1. A multicolor printing device comprising a latent image formation means, which forms an electrostatic latent image corresponding to a plurality of colors on a latent image formation medium, and a plurality of developing means which develop the colors of said electrostatic latent image characterized in that a means which defines a developable region with regard to the colors of said latent image is provided with the plurality of developing means.

2. A multicolor printing device according to claim 1, characterized in that said means which defines the colors of said developable region is provided between said latent image formation medium and said developing means.

3. A multicolor printing device according to claim 2, characterized in that said means which defines the colors of said developable region is formed by a plate having openings at development positions of said plurality of developing means.
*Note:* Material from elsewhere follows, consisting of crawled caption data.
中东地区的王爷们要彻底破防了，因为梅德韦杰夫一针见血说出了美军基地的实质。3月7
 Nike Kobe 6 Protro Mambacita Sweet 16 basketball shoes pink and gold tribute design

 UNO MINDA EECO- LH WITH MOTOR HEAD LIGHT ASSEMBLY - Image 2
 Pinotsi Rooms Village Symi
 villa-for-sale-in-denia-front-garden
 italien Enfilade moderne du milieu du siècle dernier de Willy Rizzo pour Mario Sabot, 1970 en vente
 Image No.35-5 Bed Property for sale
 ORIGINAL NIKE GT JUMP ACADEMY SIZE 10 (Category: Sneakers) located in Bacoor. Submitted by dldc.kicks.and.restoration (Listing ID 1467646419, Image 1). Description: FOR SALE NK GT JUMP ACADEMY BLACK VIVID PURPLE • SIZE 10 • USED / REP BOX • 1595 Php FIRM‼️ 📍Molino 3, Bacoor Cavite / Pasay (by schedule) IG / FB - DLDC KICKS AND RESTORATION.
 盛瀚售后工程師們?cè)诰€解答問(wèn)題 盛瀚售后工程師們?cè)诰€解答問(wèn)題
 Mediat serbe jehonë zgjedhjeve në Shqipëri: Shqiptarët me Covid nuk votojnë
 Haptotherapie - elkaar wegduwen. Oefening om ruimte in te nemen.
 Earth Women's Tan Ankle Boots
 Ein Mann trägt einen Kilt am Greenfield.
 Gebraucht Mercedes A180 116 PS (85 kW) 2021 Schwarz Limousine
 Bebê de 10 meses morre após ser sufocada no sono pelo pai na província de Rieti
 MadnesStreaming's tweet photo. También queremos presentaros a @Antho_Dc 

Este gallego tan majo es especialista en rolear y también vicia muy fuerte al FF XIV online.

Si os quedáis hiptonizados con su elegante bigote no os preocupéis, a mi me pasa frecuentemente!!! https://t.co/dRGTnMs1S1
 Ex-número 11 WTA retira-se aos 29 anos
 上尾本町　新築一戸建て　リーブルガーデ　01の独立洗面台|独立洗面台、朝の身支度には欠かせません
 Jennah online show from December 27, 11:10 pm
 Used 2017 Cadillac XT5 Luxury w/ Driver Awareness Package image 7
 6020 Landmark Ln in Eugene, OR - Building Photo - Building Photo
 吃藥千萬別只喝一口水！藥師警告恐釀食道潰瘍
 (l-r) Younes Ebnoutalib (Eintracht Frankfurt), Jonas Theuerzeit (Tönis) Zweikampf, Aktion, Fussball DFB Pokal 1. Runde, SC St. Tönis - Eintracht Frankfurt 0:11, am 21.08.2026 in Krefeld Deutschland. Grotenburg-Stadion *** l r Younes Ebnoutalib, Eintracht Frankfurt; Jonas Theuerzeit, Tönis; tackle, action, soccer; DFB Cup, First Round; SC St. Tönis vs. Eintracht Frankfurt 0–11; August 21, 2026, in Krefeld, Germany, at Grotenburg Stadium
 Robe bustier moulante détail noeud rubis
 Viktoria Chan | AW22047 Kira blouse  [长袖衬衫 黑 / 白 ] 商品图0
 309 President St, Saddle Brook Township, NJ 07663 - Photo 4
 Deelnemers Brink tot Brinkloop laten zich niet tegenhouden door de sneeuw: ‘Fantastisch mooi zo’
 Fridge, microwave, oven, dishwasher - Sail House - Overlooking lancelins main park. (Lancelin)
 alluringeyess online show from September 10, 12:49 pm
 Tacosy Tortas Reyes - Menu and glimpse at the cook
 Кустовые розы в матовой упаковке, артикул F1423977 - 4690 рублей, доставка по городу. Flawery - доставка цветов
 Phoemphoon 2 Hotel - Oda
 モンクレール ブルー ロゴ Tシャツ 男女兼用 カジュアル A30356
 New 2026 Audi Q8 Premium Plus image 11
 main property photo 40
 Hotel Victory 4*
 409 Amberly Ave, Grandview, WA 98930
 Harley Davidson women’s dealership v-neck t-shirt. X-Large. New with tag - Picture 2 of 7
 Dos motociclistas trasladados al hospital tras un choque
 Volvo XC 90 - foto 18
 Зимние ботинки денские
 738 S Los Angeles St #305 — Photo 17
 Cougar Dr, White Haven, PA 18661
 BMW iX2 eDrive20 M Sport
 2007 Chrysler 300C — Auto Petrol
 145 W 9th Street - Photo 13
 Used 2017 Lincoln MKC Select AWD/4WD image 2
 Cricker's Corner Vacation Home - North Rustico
4. A multicolor printing device including latent image formation means, for forming on an image formation medium a latent image having different regions associated respectively with different colours, and developing means for developing the said regions differently from one another so that the said different colours are manifested respectively at the regions associated therewith, characterised in that the manifestation of different working colours is restricted respectively to predefined different adjacent areas of the image medium.

5. A device as claimed in claim 4, wherein the said predefined different adjacent areas are narrow elongate areas extending alongside one another.

6. A device as claimed in claim 4 or 5, wherein the developing means have different outlet openings, for delivering respective developers for the different working colours, which openings are arranged in register respectively with the said predefined different adjacent areas.